REQUIRED ACTION:
Leave out every line before the one containing "تب کریمه‌کنگو تاکنون جان سه نفر را گرفته است", and repeat the rest of the material below exactly, that line included.

EXERCISE INPUTS:
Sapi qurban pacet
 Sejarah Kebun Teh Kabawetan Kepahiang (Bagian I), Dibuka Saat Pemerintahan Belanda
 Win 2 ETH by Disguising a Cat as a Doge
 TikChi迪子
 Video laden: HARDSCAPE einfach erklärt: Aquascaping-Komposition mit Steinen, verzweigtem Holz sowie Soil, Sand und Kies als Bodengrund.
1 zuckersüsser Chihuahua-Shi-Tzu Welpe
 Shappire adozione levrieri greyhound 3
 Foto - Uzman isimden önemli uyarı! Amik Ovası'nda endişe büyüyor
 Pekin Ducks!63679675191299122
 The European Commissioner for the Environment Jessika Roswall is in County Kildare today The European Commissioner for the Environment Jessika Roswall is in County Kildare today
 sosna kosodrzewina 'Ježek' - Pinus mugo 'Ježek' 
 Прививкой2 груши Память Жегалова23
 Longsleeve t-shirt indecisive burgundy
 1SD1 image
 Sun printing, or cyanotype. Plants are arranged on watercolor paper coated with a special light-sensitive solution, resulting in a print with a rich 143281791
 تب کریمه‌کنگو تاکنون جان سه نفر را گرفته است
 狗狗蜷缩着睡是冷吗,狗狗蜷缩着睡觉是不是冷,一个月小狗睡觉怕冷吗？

EXPECTED OUTPUT:
 تب کریمه‌کنگو تاکنون جان سه نفر را گرفته است
 狗狗蜷缩着睡是冷吗,狗狗蜷缩着睡觉是不是冷,一个月小狗睡觉怕冷吗？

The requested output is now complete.